= Beginning of Section =

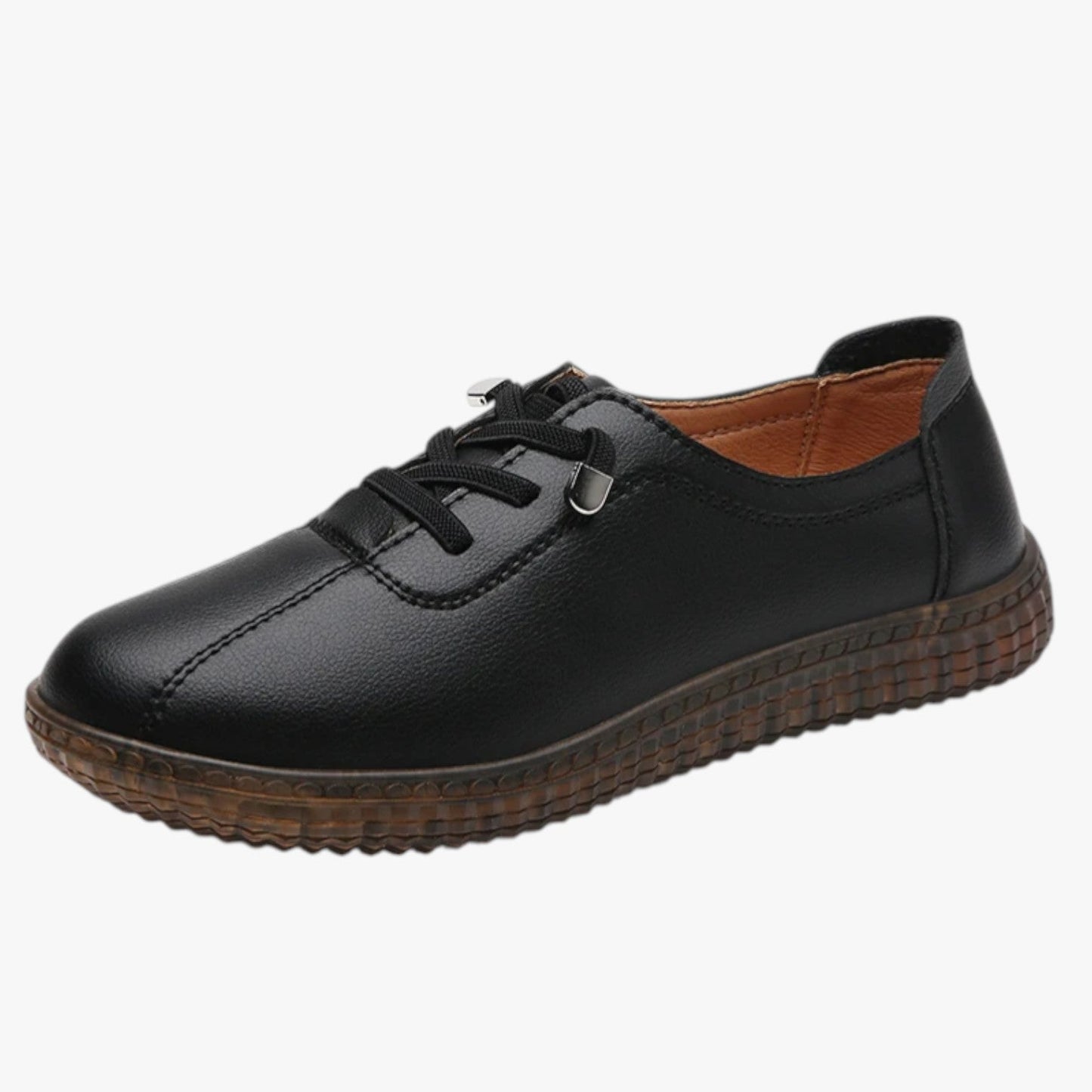 Sommarandning - Dam Andningsbara Sneakers för Sommaren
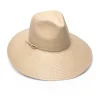 Valentin Panama Hat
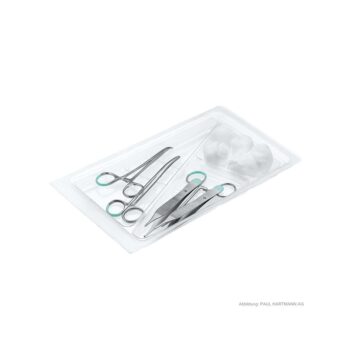 Peha Instrument Basis-Set fine, steril, 5 Sets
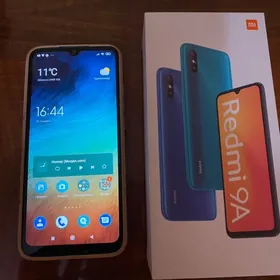 Redmi 9A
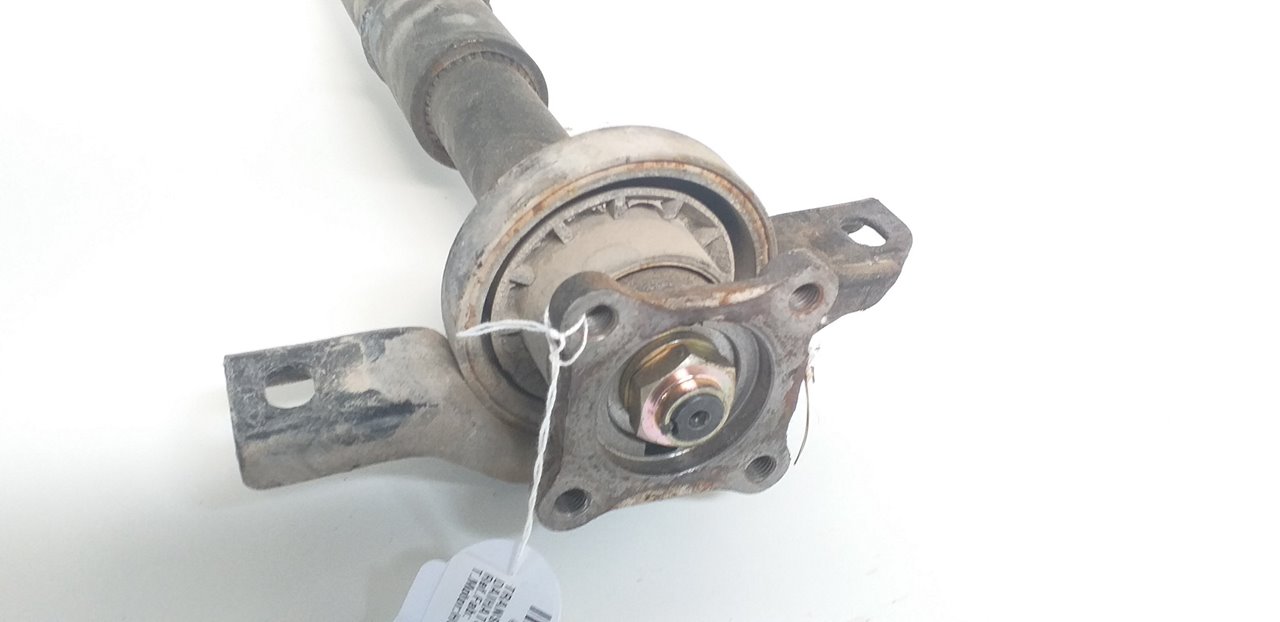 YAMATO Supporto motore per DAIHATSU TERIOS (J1) Posteriore I56014YMT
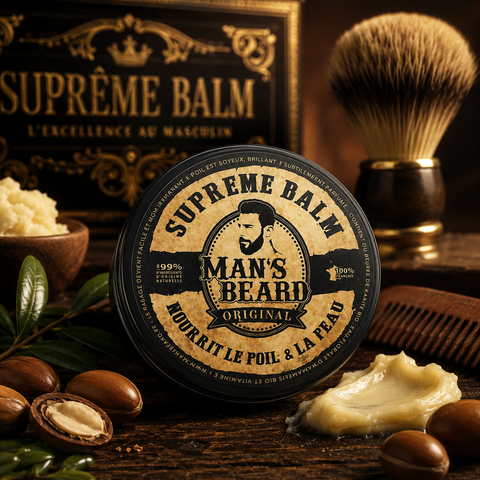 Suprême Balm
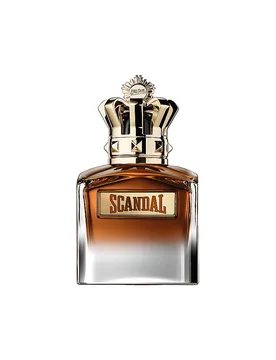 Scandal Elixir Parfum 100ml - Jean Paul Gaultier - FashionsVida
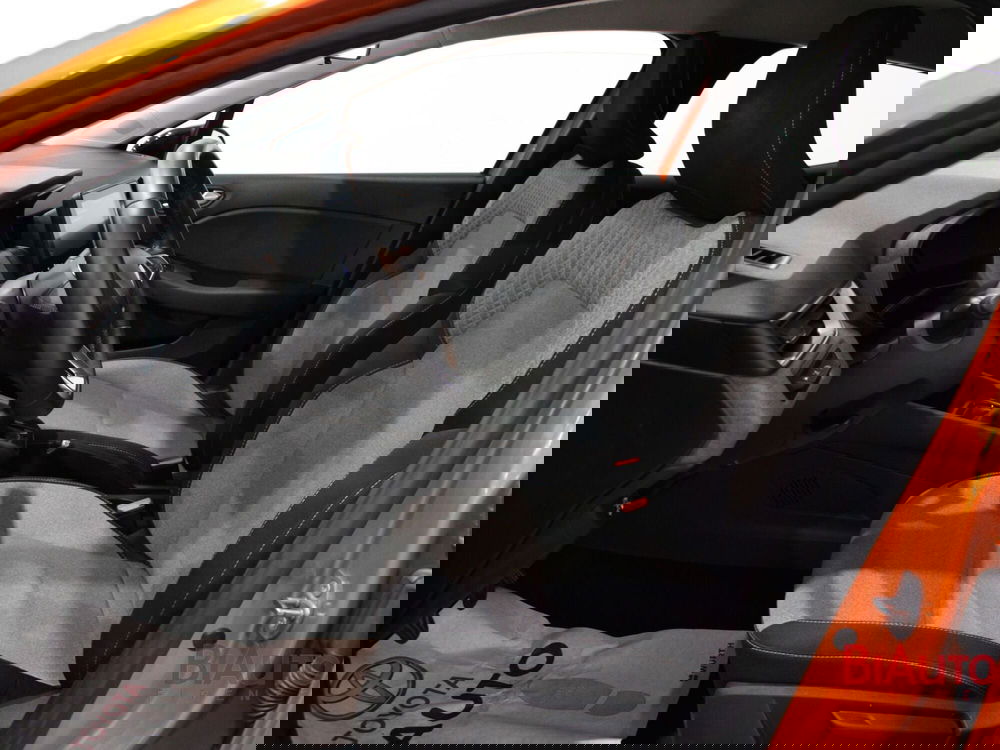 Renault Clio usata a Firenze (5)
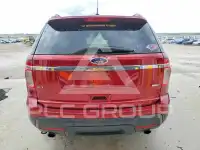 2013 Ford EXPLORER фото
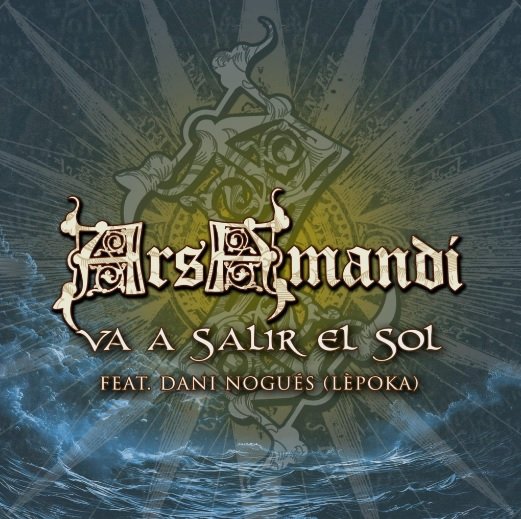 Ars Amandi publica «Va a salir el Sol», último adelanto de «Rumbo Norte», y presenta el disco en Madrid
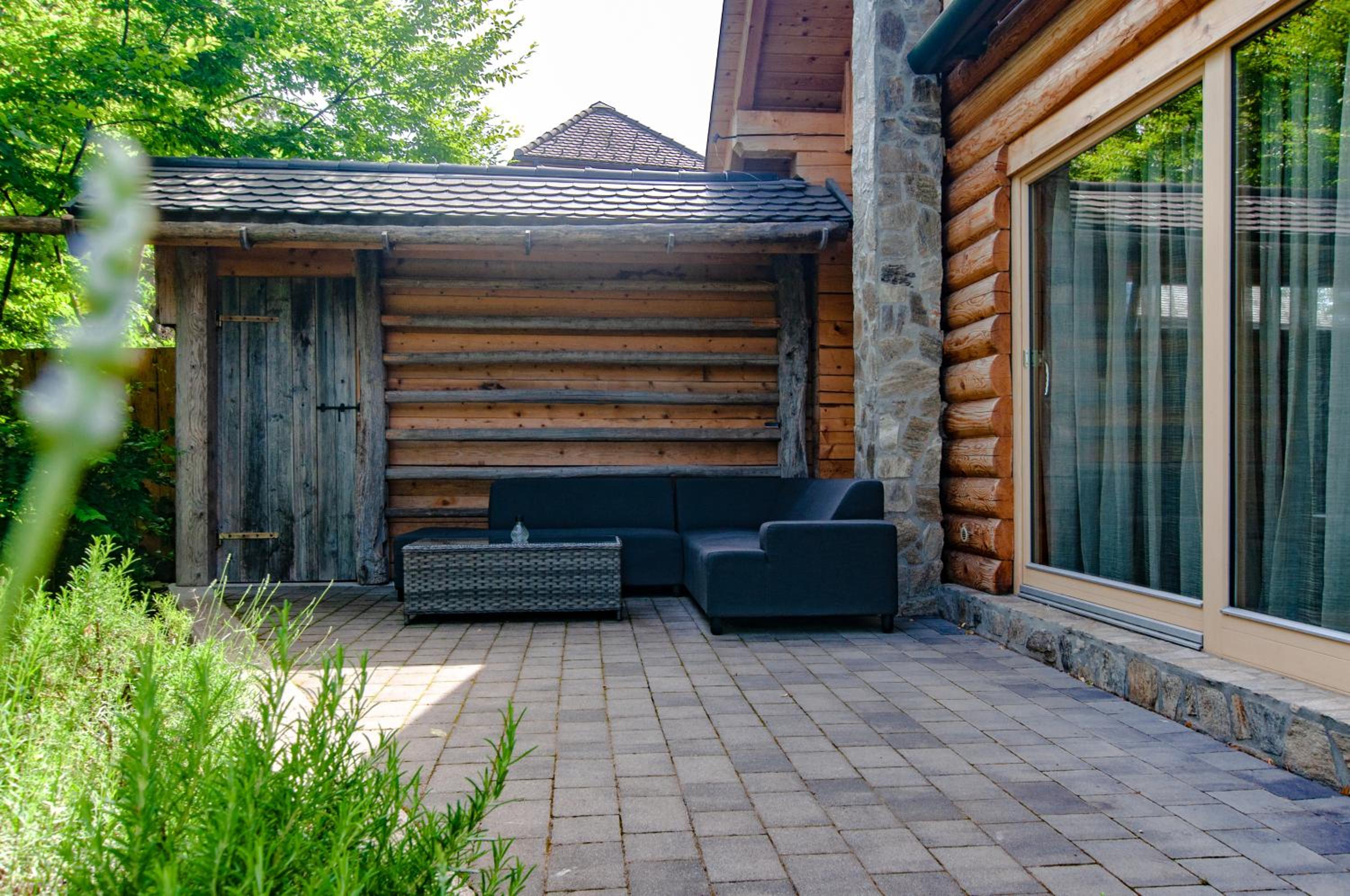 Log House Natura view 5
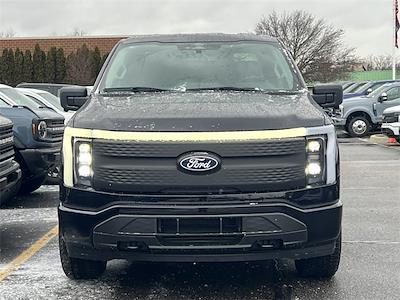 2025 Ford F-150 Lightning SuperCrew Cab AWD Pickup for sale #SWG35323 - photo 2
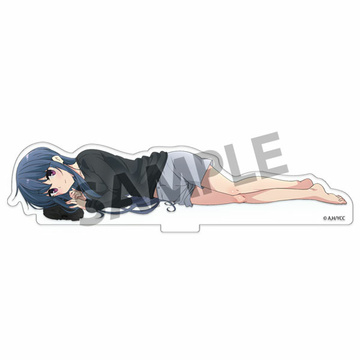 главная фотография Yuru Camp Acrylic Figure: Rin Anime Edition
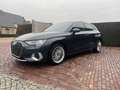 Audi A3 1,0TFSI 115pk S-Tronic:Led-GPS-DAB-zetelverwarming Gris - thumbnail 3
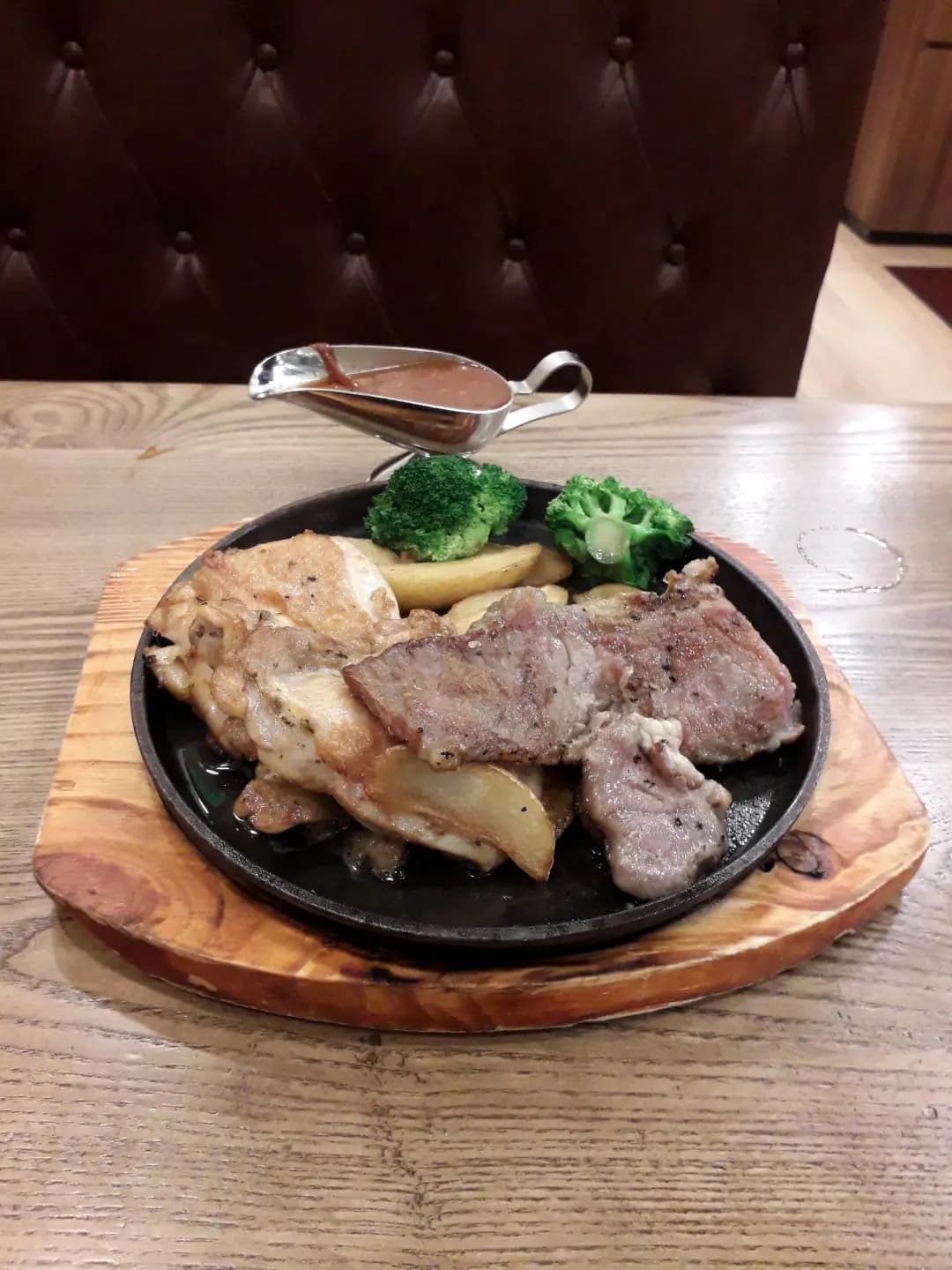 紅運餐廳 photo 1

= End of Section =

The lines above from the line with "Scandal Elixir Parfum" through the line with "Log House Natura view 5" are to be given again word for word, with no pictures among them.

(ANSWER SECTION):
 Scandal Elixir Parfum 100ml - Jean Paul Gaultier - FashionsVida
 Renault Clio usata a Firenze (5)
 2013 Ford EXPLORER фото
 Ars Amandi publica «Va a salir el Sol», último adelanto de «Rumbo Norte», y presenta el disco en Madrid
 Log House Natura view 5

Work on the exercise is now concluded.